The government responds
Deputy minister discusses audit

Daniel MacIsaac
Northern News Services

NNSL (May 05/99) - Defending himself over the handling of the NWT Development Corporation in the legislature, Minister Stephen Kakfwi has sought to clarify his position.

"I have always taken these responsibilities very seriously," he told Tu Nedhe MLA Don Morin last week, "but it is not possible to micro-manage the operation of the department at every level."

Minister of Resources, Wildlife and Economic Development, Kakfwi is also justice minister and minister responsible for national constitutional issues as well as for the development corporation.

RWED deputy minister Joe Handley backed up his boss Monday, discussing the operational audit.

"I don't think it reflects badly on the minister," he said. "It may to some extent on the president or the CEO because he's the man in charge -- because if the corporation is losing money and not improving, he's responsible. The minister is politically responsible but it's up to the president to keep him notified."

Handley said Glenn Soloy left his position as corporation president and chief executive officer in March and that he took over until Premier Jim Antoine appointed Fred Koe to head the corporation at the end of the month.

"Mr. Soloy had expressed his desire to pursue interests in the private sector, and the premier obliged him," said Antoine's executive assistant, Pietro de Bastiani.

"Mr. Koe was head of the department on aboriginal affairs and had a strong background in accounting," de Bastiani said, "so the appointment makes good use of that background."

Handley said a department-initiated operational review is currently ongoing and is being performed by the Hay River accounting firm Fraser Matthews & Co. Handley said it was the corporation's inability to provide the Edmonton-based federal auditor general with information that sparked the new, proposed audit.

Subsidiaries affected

Closely linked to the corporation's future is the fate of its subsidiaries -- including Arctic Trading Company Ltd. and Great Slave Forest Products.

As Kakfwi announced in the assembly last week and as Handley said Monday, the operation of Arctic Trading's five southern retail outlets is being wound up because of persistent financial losses. Handley said the two Toronto stores are being handed over to the Nunavut Development Corporation, which will continue to stock NWT products.
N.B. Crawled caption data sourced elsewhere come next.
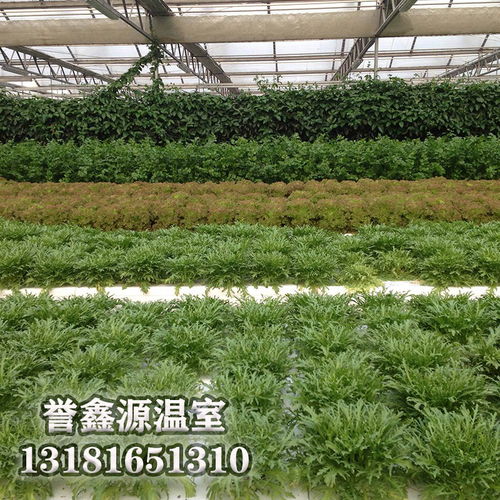 多跨溫室無(wú)土栽培工程中的關(guān)鍵材料 工程陶粒的應(yīng)用與優(yōu)勢(shì)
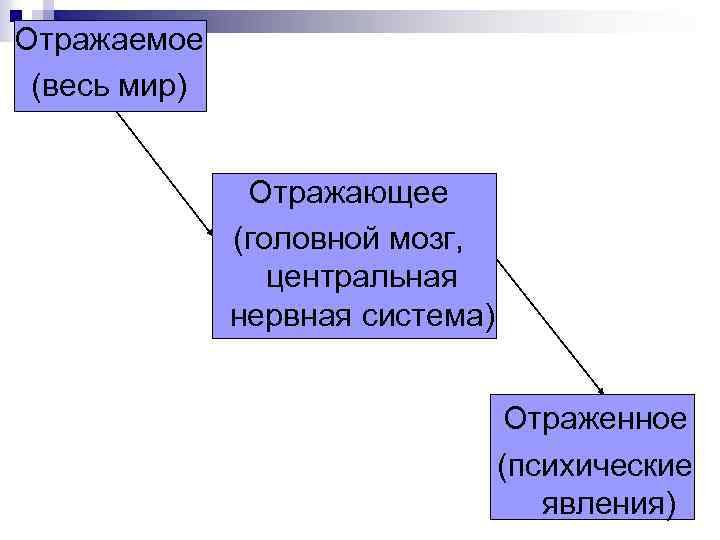 Отражаемое (весь мир) Отражающее (головной мозг, центральная нервная система) Отраженное (психические явления) 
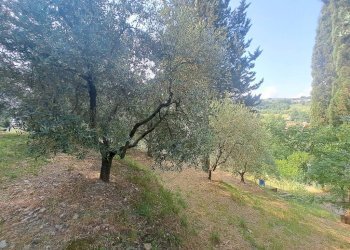 Terreno - Villa via di San Miniato, Signa - foto 14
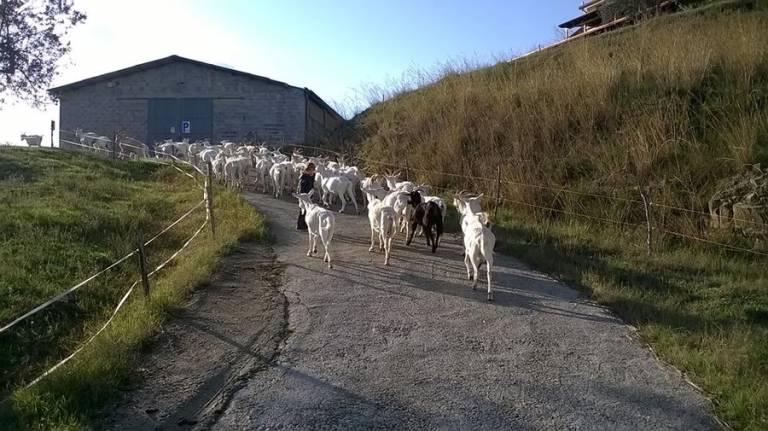 foto40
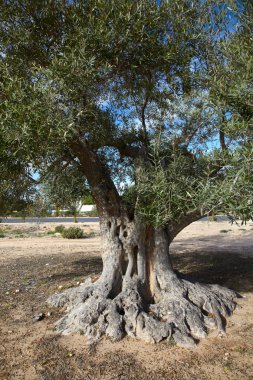 eski zeytin ağacının gövdesini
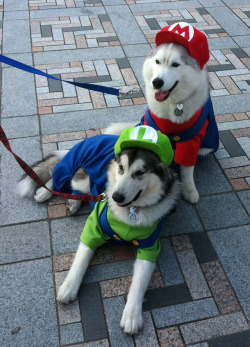 internetismylove:  Let’s all just take a second out of our lives, to admire THESE ADORABLE MARIO AND LUIGI DOGS. KTHX. 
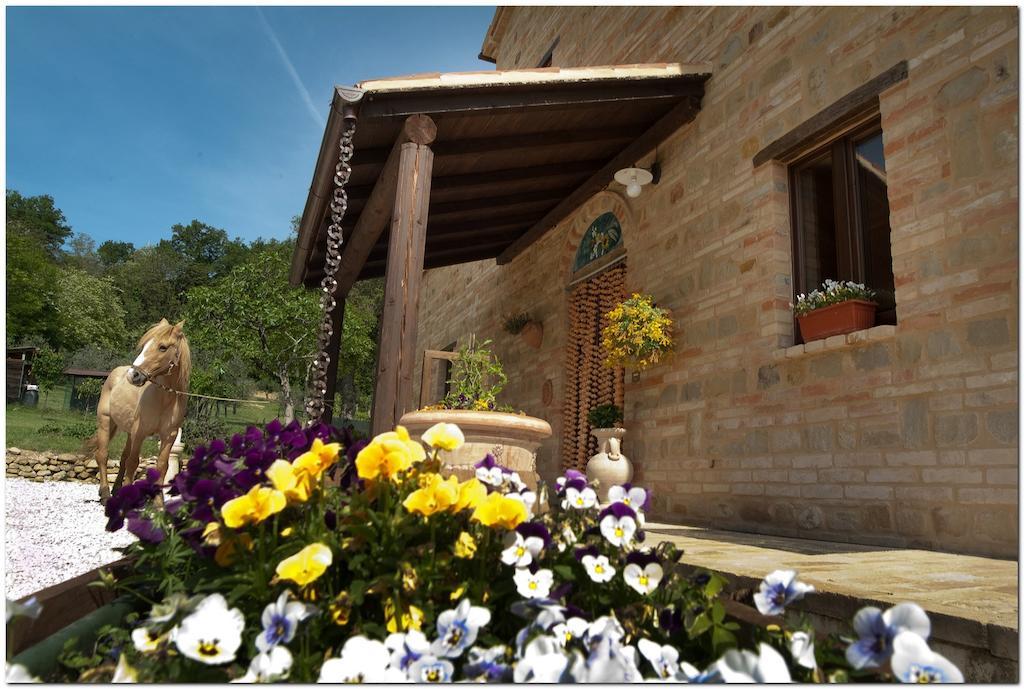 Il Casale Di Aurora Country House Colmurano Kültér fotó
MLA Don Morin had also raised the question of Fort Resolution's Great Slave Forest Products in the legislature, and Handley said talks over its future continue this week.

"We don't expect the subsidiaries to make money but to produce jobs -- and for that we're willing to provide a subsidy, usually at about $10,000 per job," he said, "but at the sawmill, for example, it's gone up to about three times that."